Esto último es importante que lo hagamos, porque así nos entrenamos en la valentía. Tampoco podemos “negociar” con el miedo, sino que, con la gracia de Dios, hemos de vencerlo, aunque sea con el corazón latiendo a mil y las manos bañadas en sudor.
Es por eso que tampoco podemos siempre evadir las dificultades y huir de ellas. La virtud de la prudencia se encargará de enseñarnos cuándo conviene enfrentarse a la batalla y cuándo es mejor superar la situación de otra forma. ¡Pero no debe ser el miedo el que lo decida! Aquí viene a nuestra ayuda la fortaleza, que llega a ser una actitud básica de nuestra vida, animándonos a vencer en el Señor todo lo que nos sobrevenga y a hacer aquello que a Dios le agrada, aun si implicase esfuerzos y fatigas.
Si nuestro camino espiritual se intensifica más, también necesitaremos de la valentía para atravesar de forma adecuada y en el Señor todos los procesos interiores de transformación. Para ello podemos contar siempre con Él, y así nuestro amor se profundizará a diario.
Con la virtud de la fortaleza que vamos adquiriendo, glorificamos al Señor.
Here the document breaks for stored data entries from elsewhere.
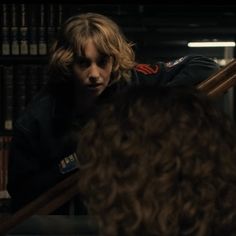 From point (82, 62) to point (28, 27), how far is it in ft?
4.84

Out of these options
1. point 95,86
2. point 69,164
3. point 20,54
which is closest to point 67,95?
point 95,86

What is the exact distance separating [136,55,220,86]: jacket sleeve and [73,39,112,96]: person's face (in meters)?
0.10

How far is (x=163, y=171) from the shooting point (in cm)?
88

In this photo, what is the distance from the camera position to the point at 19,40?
3.21 m

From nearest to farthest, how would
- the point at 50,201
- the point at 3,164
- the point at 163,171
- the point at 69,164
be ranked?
the point at 163,171 → the point at 50,201 → the point at 69,164 → the point at 3,164

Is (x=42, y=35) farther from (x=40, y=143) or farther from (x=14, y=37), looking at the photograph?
(x=40, y=143)

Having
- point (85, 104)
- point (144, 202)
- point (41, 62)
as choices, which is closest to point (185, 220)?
point (144, 202)

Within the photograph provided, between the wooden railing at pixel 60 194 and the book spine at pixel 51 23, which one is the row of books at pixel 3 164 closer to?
the book spine at pixel 51 23

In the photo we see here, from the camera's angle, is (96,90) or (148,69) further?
(148,69)

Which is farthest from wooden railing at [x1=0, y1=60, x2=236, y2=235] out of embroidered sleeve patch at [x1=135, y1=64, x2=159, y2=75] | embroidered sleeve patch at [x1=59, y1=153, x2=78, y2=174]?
embroidered sleeve patch at [x1=135, y1=64, x2=159, y2=75]

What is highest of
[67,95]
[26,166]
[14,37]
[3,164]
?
[14,37]

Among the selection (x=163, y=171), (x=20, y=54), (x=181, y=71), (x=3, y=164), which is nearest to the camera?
(x=163, y=171)

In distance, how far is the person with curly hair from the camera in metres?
1.78

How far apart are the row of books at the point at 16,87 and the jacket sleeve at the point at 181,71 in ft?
4.52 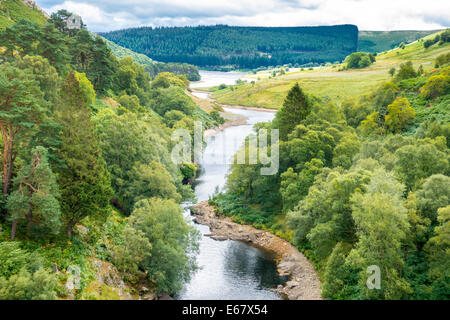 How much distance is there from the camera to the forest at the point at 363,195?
1297 inches

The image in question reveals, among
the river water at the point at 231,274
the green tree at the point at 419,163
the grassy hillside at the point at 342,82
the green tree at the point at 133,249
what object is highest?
the grassy hillside at the point at 342,82

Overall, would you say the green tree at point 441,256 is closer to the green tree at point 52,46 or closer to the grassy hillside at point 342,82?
the green tree at point 52,46

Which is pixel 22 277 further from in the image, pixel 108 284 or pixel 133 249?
pixel 133 249

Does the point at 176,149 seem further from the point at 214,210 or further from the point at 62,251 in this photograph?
the point at 62,251

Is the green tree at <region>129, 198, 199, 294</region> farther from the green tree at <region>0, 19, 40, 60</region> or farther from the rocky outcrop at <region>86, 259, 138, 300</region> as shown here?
the green tree at <region>0, 19, 40, 60</region>

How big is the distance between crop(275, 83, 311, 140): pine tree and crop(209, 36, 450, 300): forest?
175 millimetres

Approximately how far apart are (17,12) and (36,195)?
95384mm

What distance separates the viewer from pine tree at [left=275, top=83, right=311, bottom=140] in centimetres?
6906

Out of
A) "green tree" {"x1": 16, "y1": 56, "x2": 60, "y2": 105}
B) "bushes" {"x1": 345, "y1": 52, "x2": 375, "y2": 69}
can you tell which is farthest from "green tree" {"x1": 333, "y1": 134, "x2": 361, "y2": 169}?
"bushes" {"x1": 345, "y1": 52, "x2": 375, "y2": 69}

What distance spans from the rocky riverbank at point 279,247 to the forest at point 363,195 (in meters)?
1.21

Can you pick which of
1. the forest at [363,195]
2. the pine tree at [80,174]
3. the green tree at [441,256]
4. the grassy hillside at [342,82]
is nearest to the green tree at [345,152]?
the forest at [363,195]

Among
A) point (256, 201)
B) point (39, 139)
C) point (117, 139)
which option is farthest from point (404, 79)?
point (39, 139)

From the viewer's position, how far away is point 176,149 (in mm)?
81125

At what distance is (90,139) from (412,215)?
101 feet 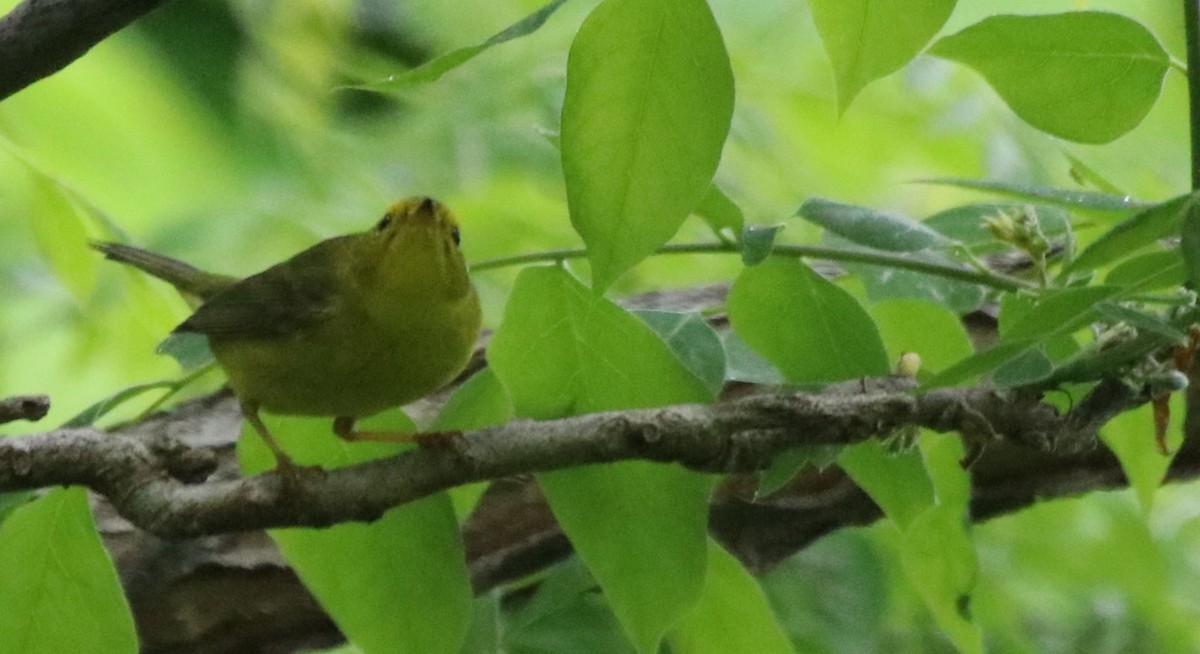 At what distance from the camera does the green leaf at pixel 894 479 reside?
1.07 meters

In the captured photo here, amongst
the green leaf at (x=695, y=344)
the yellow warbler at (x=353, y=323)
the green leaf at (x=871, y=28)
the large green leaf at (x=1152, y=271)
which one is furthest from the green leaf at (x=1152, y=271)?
the yellow warbler at (x=353, y=323)

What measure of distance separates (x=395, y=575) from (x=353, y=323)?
373 mm

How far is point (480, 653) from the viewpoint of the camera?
121 centimetres

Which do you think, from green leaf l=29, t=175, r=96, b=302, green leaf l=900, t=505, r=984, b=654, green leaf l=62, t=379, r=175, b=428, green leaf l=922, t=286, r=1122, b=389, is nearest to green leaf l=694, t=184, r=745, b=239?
green leaf l=922, t=286, r=1122, b=389

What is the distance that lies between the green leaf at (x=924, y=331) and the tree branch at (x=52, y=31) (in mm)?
741

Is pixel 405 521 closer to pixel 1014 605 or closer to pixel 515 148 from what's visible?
pixel 515 148

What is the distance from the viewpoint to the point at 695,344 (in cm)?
107

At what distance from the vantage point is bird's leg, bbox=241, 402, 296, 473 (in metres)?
1.10

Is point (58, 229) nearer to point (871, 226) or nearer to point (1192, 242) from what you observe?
point (871, 226)

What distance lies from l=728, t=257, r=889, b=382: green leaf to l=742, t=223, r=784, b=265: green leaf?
0.51 feet

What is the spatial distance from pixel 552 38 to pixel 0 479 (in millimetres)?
1330

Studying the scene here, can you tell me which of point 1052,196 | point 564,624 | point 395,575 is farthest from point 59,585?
point 1052,196

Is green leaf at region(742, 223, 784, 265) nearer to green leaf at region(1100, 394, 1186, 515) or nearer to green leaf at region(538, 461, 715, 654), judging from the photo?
green leaf at region(538, 461, 715, 654)

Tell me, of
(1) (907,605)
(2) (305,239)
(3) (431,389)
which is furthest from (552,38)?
(1) (907,605) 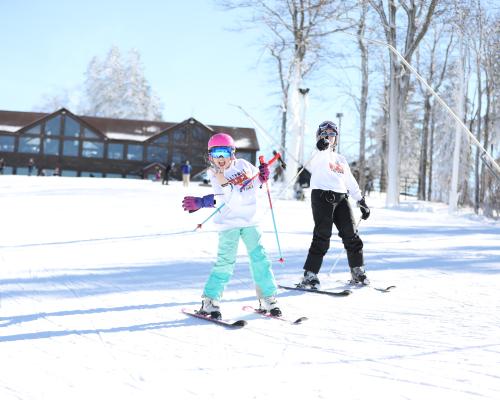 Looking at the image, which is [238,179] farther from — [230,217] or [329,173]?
[329,173]

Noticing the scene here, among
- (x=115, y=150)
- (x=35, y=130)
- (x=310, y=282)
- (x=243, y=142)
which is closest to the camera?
(x=310, y=282)

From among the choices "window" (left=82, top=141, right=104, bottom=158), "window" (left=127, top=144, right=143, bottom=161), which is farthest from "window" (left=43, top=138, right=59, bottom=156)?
"window" (left=127, top=144, right=143, bottom=161)

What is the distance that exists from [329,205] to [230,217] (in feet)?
4.76

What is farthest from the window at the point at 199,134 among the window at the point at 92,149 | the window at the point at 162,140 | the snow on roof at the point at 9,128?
the snow on roof at the point at 9,128

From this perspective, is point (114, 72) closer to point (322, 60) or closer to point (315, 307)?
point (322, 60)

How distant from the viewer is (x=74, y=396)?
7.92 ft

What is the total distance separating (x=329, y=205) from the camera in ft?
16.5

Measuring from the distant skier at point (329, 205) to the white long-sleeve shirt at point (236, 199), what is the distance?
1242mm

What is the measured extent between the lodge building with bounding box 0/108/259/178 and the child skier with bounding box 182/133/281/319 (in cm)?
4040

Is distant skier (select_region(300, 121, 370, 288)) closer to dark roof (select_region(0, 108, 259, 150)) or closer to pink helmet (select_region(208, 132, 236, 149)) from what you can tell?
pink helmet (select_region(208, 132, 236, 149))

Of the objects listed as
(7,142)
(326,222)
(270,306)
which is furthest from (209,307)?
(7,142)

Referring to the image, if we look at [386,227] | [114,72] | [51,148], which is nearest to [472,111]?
[386,227]

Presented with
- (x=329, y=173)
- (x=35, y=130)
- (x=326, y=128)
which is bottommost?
(x=329, y=173)

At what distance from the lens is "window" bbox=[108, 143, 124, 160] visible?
44.8 m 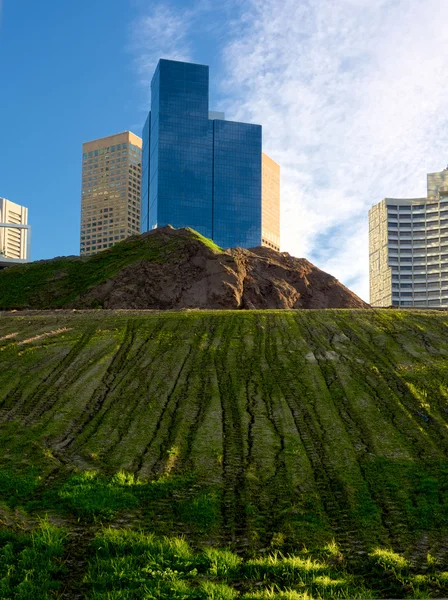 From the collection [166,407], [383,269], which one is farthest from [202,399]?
[383,269]

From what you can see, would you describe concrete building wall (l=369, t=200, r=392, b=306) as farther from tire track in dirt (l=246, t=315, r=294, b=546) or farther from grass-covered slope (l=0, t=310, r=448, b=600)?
tire track in dirt (l=246, t=315, r=294, b=546)

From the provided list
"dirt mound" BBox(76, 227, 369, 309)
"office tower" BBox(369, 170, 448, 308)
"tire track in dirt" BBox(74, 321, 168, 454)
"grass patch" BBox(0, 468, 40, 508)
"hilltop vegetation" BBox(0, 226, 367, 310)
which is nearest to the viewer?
"grass patch" BBox(0, 468, 40, 508)

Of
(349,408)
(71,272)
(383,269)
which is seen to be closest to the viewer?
(349,408)

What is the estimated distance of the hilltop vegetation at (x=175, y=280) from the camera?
44656 mm

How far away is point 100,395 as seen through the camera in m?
21.4

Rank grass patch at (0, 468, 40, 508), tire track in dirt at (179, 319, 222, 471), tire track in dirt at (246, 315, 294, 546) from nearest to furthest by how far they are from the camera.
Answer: tire track in dirt at (246, 315, 294, 546)
grass patch at (0, 468, 40, 508)
tire track in dirt at (179, 319, 222, 471)

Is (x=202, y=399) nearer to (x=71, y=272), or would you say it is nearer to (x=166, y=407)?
(x=166, y=407)

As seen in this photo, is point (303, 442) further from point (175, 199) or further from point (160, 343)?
point (175, 199)

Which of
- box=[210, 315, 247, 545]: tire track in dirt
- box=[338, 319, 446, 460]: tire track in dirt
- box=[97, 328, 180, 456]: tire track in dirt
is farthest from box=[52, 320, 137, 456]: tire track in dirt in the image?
box=[338, 319, 446, 460]: tire track in dirt

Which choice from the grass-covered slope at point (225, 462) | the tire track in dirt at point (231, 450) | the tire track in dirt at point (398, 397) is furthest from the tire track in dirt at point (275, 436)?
the tire track in dirt at point (398, 397)

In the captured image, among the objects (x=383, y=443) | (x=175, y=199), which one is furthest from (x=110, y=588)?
(x=175, y=199)

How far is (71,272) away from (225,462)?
39.1 m

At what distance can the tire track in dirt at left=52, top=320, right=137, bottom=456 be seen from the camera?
1773 centimetres

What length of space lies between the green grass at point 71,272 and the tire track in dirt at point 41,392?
19.2 meters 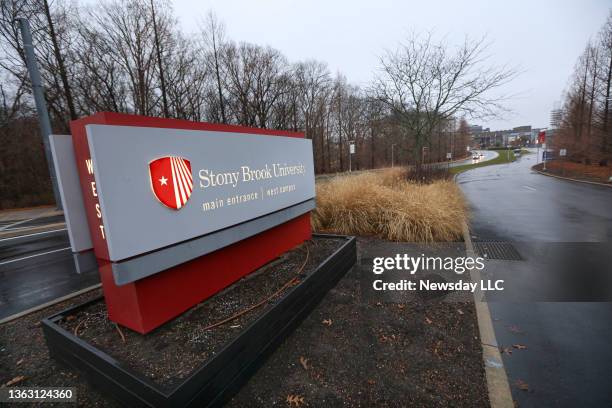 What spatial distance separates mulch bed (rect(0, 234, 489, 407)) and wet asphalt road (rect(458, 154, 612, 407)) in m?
0.38

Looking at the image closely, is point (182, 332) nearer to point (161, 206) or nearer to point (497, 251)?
point (161, 206)

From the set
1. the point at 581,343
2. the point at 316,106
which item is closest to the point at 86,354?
the point at 581,343

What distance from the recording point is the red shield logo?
2369 millimetres

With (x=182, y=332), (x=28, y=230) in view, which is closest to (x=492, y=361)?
(x=182, y=332)

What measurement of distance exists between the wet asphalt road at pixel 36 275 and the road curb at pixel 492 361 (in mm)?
5197

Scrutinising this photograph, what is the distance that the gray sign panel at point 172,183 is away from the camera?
6.82 ft

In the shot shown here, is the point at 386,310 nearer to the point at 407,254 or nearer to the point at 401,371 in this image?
the point at 401,371

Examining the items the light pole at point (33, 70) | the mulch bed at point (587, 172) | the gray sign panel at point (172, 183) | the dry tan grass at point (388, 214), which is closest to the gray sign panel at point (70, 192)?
the gray sign panel at point (172, 183)

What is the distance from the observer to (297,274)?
3771mm

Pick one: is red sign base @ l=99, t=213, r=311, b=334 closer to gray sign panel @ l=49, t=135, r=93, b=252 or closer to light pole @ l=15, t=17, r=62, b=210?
gray sign panel @ l=49, t=135, r=93, b=252

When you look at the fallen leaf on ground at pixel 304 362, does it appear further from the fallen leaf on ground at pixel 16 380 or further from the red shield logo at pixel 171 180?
the fallen leaf on ground at pixel 16 380

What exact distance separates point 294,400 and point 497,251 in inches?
208

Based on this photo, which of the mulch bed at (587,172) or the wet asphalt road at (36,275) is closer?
the wet asphalt road at (36,275)

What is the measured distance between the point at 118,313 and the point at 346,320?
2.46 meters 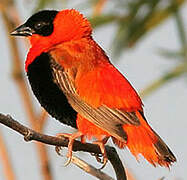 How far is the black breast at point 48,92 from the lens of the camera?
14.2 feet

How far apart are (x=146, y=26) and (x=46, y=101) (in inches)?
52.4

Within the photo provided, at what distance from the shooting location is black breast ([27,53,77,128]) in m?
4.33

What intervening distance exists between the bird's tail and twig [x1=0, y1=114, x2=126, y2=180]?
107 millimetres

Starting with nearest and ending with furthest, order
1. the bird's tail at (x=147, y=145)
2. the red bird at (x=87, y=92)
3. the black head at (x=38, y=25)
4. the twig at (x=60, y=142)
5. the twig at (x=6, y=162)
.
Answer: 1. the twig at (x=60, y=142)
2. the bird's tail at (x=147, y=145)
3. the red bird at (x=87, y=92)
4. the black head at (x=38, y=25)
5. the twig at (x=6, y=162)

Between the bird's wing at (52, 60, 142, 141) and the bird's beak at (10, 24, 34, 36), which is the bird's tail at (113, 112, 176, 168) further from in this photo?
the bird's beak at (10, 24, 34, 36)

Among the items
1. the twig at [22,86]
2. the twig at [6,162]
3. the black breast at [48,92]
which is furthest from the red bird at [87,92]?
the twig at [22,86]

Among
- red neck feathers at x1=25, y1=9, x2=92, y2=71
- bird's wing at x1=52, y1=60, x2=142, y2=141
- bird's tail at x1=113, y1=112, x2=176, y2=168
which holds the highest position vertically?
red neck feathers at x1=25, y1=9, x2=92, y2=71

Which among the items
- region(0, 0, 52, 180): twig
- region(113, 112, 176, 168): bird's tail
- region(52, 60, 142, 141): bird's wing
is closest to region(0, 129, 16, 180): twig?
region(0, 0, 52, 180): twig

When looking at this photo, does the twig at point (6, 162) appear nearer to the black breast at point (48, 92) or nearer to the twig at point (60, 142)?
the black breast at point (48, 92)

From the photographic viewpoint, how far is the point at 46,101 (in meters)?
4.34

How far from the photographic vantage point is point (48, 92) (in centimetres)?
434

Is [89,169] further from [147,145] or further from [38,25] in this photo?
[38,25]

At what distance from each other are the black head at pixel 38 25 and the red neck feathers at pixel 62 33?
27mm

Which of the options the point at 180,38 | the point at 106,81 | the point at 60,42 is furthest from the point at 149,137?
the point at 180,38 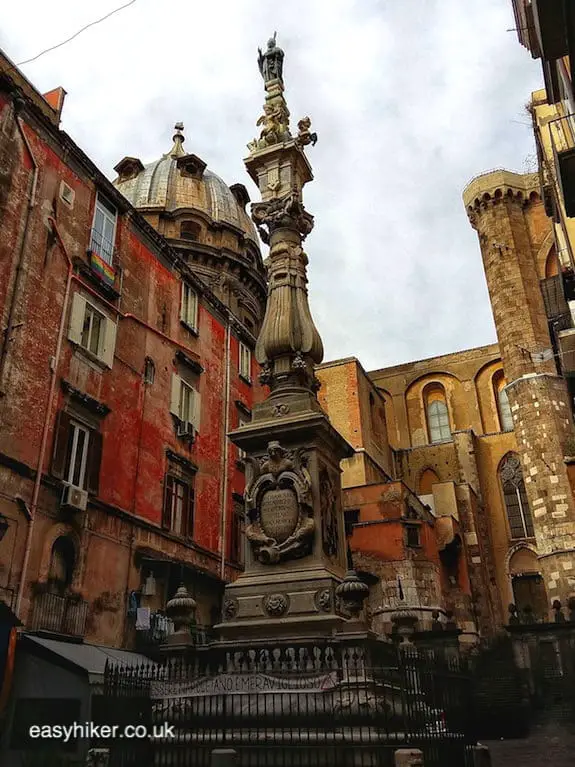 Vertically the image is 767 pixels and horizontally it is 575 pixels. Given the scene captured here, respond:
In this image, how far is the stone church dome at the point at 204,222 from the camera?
114 feet

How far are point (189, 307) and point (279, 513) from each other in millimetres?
15295

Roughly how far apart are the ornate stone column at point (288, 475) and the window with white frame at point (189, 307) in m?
11.1

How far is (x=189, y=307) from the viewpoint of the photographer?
23125 mm

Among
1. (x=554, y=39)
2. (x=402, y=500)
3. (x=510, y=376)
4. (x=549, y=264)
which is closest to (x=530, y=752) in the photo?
(x=554, y=39)

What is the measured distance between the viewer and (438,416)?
151 ft

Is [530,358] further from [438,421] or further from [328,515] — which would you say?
[328,515]

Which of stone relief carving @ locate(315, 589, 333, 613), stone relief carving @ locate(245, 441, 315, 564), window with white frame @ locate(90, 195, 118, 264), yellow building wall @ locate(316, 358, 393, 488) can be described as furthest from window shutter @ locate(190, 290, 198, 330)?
stone relief carving @ locate(315, 589, 333, 613)

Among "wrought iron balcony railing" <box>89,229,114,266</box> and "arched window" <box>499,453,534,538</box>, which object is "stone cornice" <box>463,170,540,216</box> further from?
"wrought iron balcony railing" <box>89,229,114,266</box>

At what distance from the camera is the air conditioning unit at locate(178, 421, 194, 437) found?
2044 cm

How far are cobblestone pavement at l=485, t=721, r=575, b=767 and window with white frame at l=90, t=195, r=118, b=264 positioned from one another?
15.2m

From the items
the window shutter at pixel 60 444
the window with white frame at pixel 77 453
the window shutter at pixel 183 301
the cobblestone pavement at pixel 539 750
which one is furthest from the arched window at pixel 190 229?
the cobblestone pavement at pixel 539 750

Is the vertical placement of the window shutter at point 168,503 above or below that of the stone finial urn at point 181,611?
above

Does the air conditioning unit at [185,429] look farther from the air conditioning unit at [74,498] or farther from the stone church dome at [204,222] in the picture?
the stone church dome at [204,222]

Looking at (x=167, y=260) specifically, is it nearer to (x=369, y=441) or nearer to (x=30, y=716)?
(x=30, y=716) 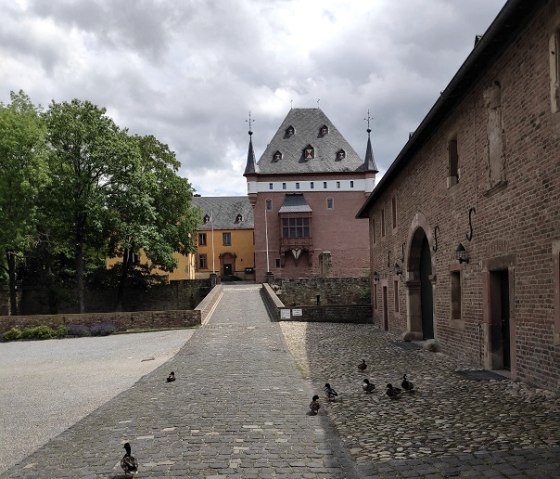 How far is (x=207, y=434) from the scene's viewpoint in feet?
22.3

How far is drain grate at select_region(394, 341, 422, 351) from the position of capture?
1627cm

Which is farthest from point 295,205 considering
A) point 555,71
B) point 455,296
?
point 555,71

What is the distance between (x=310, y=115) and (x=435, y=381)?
165 feet

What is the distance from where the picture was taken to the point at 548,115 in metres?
8.25

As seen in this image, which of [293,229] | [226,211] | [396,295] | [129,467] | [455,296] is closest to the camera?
[129,467]

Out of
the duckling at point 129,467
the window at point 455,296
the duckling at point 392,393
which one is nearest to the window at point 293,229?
the window at point 455,296

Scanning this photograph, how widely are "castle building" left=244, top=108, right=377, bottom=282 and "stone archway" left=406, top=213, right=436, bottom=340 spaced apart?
34813mm

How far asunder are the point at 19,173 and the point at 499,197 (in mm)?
28843

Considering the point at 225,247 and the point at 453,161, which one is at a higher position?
the point at 225,247

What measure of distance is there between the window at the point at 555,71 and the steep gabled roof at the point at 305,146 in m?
46.1

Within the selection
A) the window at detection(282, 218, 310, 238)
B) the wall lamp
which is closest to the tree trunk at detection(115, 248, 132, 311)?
the window at detection(282, 218, 310, 238)

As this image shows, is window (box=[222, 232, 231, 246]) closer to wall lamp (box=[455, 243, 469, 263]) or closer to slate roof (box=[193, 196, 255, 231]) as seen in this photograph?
slate roof (box=[193, 196, 255, 231])

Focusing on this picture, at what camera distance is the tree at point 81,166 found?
3472cm

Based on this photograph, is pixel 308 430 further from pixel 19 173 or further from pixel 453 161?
pixel 19 173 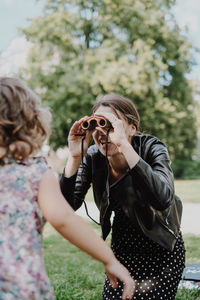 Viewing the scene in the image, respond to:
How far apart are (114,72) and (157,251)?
65.8 ft

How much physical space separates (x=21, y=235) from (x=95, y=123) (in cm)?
118

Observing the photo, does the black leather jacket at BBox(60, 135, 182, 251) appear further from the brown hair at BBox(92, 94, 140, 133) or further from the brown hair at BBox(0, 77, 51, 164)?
the brown hair at BBox(0, 77, 51, 164)

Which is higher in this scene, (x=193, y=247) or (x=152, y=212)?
(x=152, y=212)

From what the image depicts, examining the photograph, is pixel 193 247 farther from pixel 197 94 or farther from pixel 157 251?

Si, por ejemplo, asumimos por Su causa las fatigas del apostolado; si en la vida diaria soportamos las dificultades de nuestra naturaleza humana e intentamos superarlas, con la mirada puesta en Él; si soportamos valientemente las enfermedades y lo hacemos por Dios, entre muchas otras cosas; estaremos mostrándole así nuestro amor al Señor. Y en este camino, Dios, en su insuperable sabiduría, nos fortalecerá interiormente, para que podamos salir victoriosos en el combate que le ha sido encomendado a todo el que siga al Señor.